君の瞳でつかまえて 43 | 妄想を文字に変えて〜嵐 大宮小説〜

妄想を文字に変えて〜嵐 大宮小説〜

嵐のニノちゃん、大野さんをイケナイ目で愛でる妄想小説ブログです。

残念ながら、ちょっと腐な感じです。

あくまでも妄想なので、生温かく見守ってくださいませ。








Side N







日が沈み、遠くの山の端に薄い赤が消え入りそうになっている以外は、深い青が辺りを包む。

櫓(やぐら)の上は、風が通り抜けるせいで涼しく感じた。


大野さんは、他の踊り手の中にいても、一人だけ際立っていた。

薄いように見える大野さんの体は、曲に合わせて豪快なリズムを刻んだり、力強くステップを踏んだり、またある時は繊細な流線を描いた。

流れるように軽やかな動きの中で、時折ぴたっと止まる。静けさを体にまとうようなその瞬間の姿に、俺はまた惹きつけられた。


やがて、他の踊り手達は後ろに下がる形になり、大野さんはひとり、前に出た。


広いと思われていた庭は、大野さんが舞うと、小さく感じられた。大胆な動と、繊細な静が繰り返される。

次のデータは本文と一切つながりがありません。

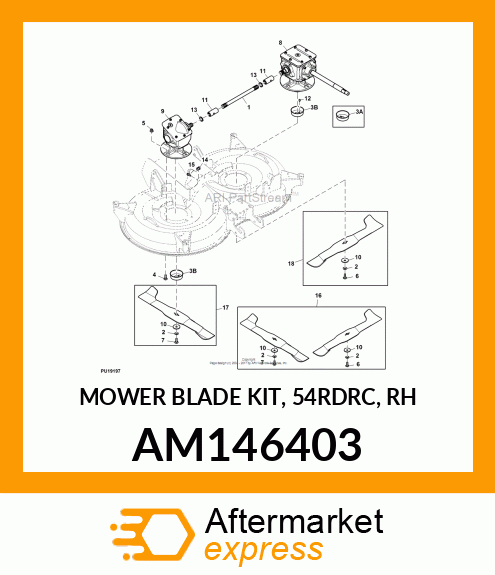 MOWER BLADE KIT, 54RDRC, RH AM146403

ため息がこぼれそうなくらい美しいその身体の動きを見ていると、抱きしめられた感触が浮かんできて、俺はたまらず櫓の手すりをぎゅっと掴んだ。



あの軽やかな、重力から解き放たれたように自由な腕に求められて、


薄いけれど、何にも揺るがない、決意を秘めたような胸に、抱かれたんだ…






俺は知らず、自分の腕で身体を抱いた。






「…なんで、あっち行ってまうの?」


西国の城を出る前夜、マルに悲痛な声で尋ねられて、胸が痛かった。




胸が痛くなるのは、



こっちで暮らすことを選んだのは、ほんとうに、単純な理由だったから。







王子になりたかったわけじゃない。


西国がイヤだったからでもない。









単に俺が、




この人の、こんな姿を、








あますところなく、全部見たかったから。









この人の人生を、





ひとつも、見逃したくない。







一緒に生きて、




一緒に笑って、




この人が舞うのを見て、



俺はそれに見惚れる。




バカみたいに、そんなのを繰り返していきたいんだって…



思っただけなんだ…


























いつのまにか月が高く上がっていた。


曲が終わって、月を見上げるかのように、視線を上にあげた大野さんと、目があう。


月が、その瞳の情熱を照らし出したように思えた。